Just Show Up?

Slates legal correspondent, Dahlia Lithwick, has had it up to here with Senate Republicans, who are refusing to hold hearings on President Obama’s Supreme Court nominee, Merrick Garland, with the presidential election so soon. Something must be done, she claims, and, well, here’s something:

After a suitable period of time—let’s say by the end of September of 2016—Judge Garland should simply suit up and take the vacant seat at the court. This would entail walking into the Supreme Court on the first Monday in October, donning an extra black robe, seating himself at the bench, sipping from the mighty silver milkshake cup before him, and looking like he belongs there, in the manner of George Costanza.

Lithwick reckons if Garland did this “he would be doing his job and highlighting that this is precisely what Senate tantrum throwers are refusing to do.” Lithwick further argues such radical gestures are necessary because there’s both an “intensity gap” and an “insanity gap” between Republicans and Democrats, such that only Republicans are willing to blow up the Supreme Court nomination process to retain power.

What’s baffling about this column is the way it ignores who is really responsible for how judicial appointments became so contentious.

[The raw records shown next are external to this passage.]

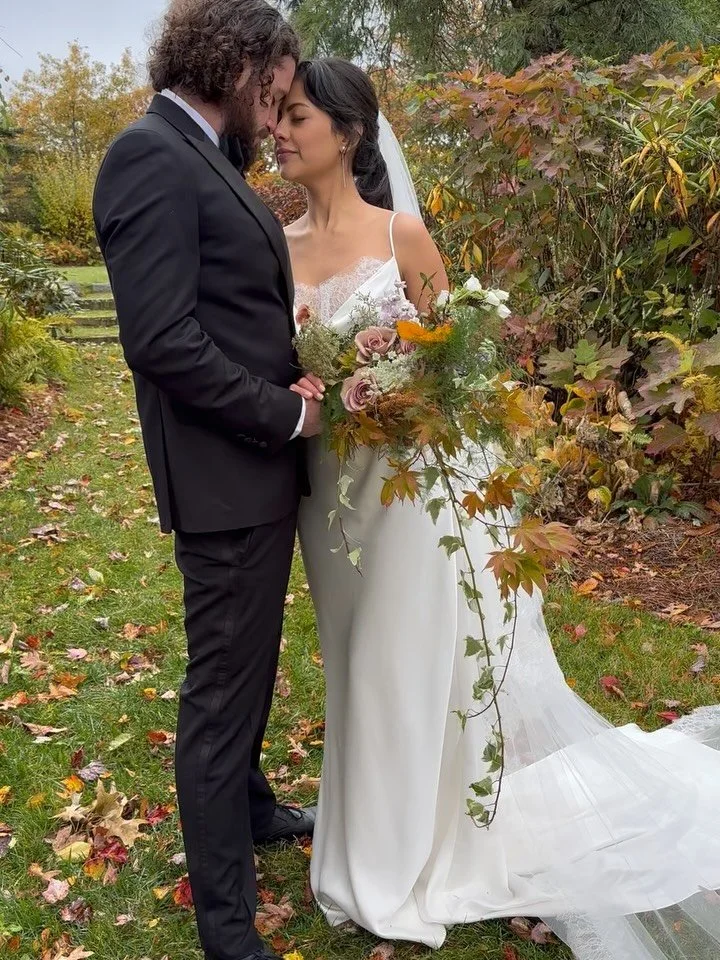 Is it too early to start reminiscing on fall color palettes? 🤭 this was a BRISK October day, but soooooooo beautiful 🤍 
Venue: @rockwoodlodgenc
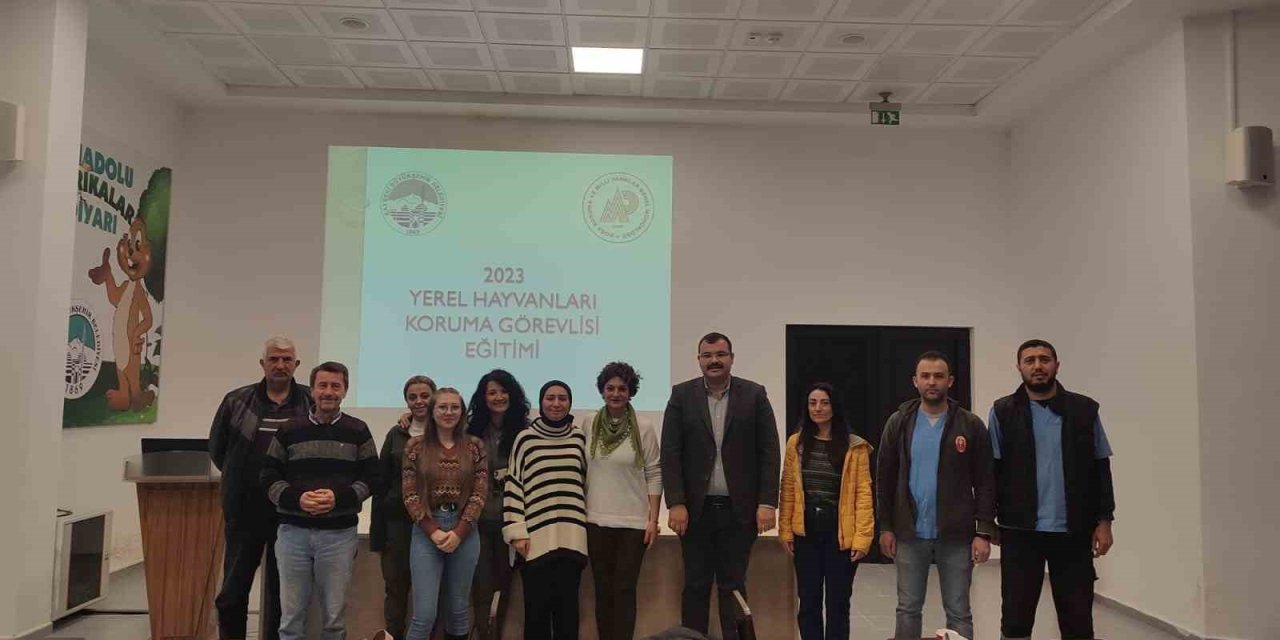 Yerel Hayvan Koruma Görevlisi Sertifikaları Dağıtıldı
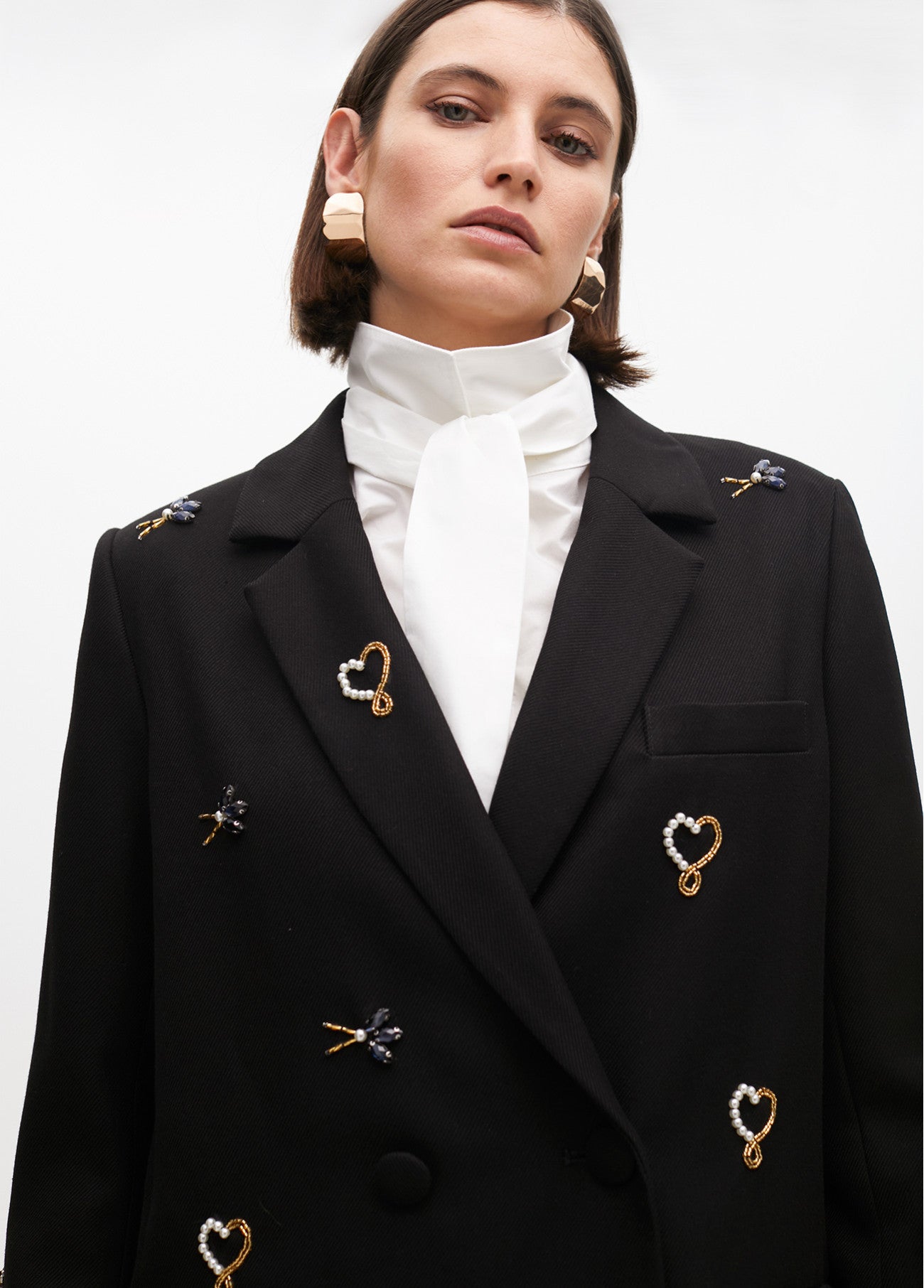 BLAZER BORDADO COM DETALHES DE JÓIAS - LOLA CASADEMUNT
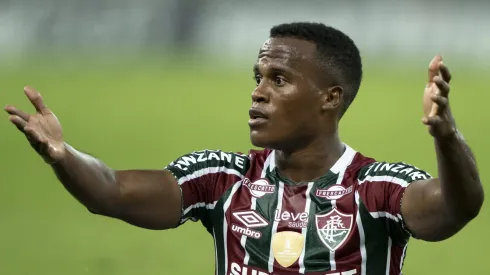 Fluminense se antecipa e fica próximo de acertar com substituto ideal de Arias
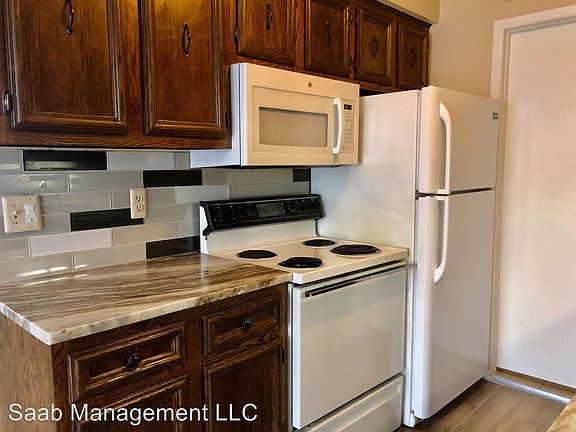 5th image of 24149 Meadow Bridge Dr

After Senator Joe Biden took over the Judiciary Committee in 1987, Democrats, under his leadership and that of Ted Kennedy, proceeded to blow up the nominations of Robert Bork and Clarence Thomas in ways that were positively slanderous. In 1992, Biden personally argued for waiting out Bush’s term before confirming any more justices. At the end of George W. Bush’s presidency, the Democratic Senate had a backlog of over 200 judicial nominations on which they refused to move as they waited out his term.

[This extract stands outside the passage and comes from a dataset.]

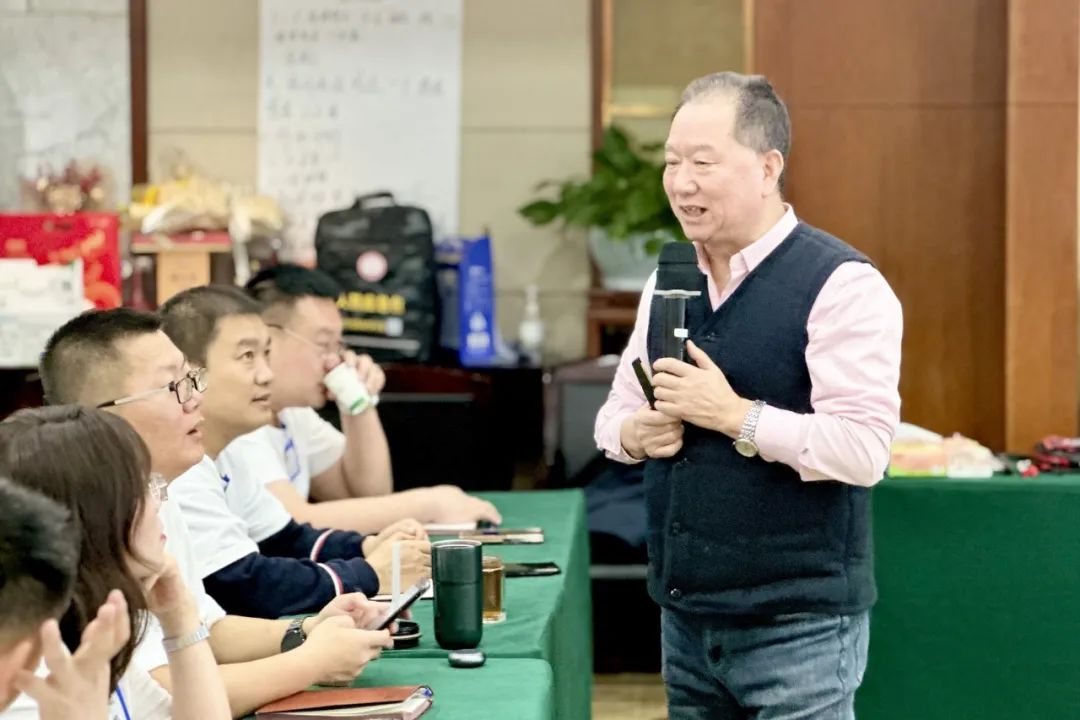 “八”得头筹｜春沣野马总裁班八期游学华中农大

The GOP is not immune to the charge of fighting fire with fire. It is, however, historically illiterate to say that Republicans share equal blame with Democrats, who have done far more to destroy comity and deference on this issue. Indeed the problem with violating institutional norms is that once such violations become acceptable, it only encourages more—and more egregious—violations.

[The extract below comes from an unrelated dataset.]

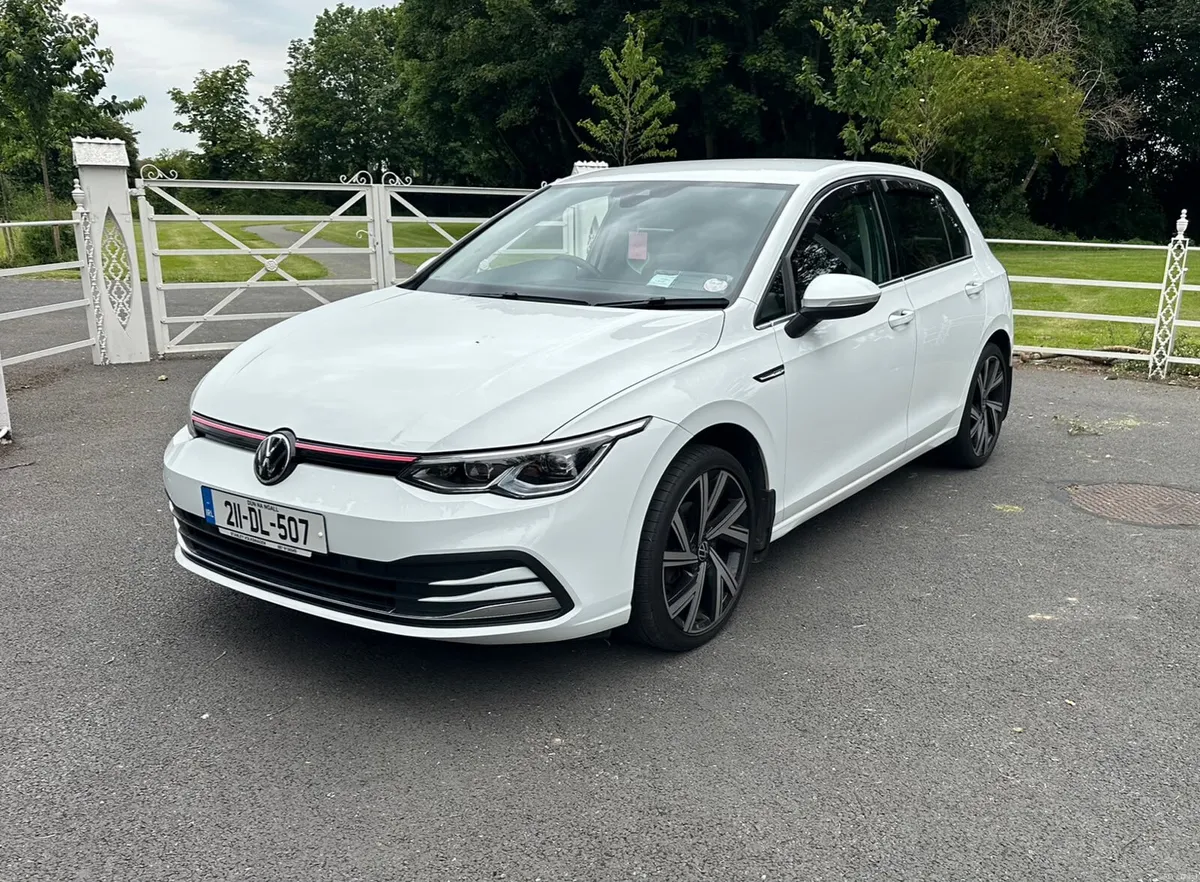 Volkswagen golf - Image 1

In 30 years we’ve gone from overwhelming Senate consent on most judicial appointments to a process that verges on complete dysfunction. And now when liberal columnists see what the Democratic party hath wrought, they respond by making rather alarming and immodest proposals that would ignore the Senate entirely in the name of upholding constitutional procedures.

To paraphrase Santayana, those that ignore the United States Constitution are doomed to repeat the very lessons of history that caused it to be written in the first place.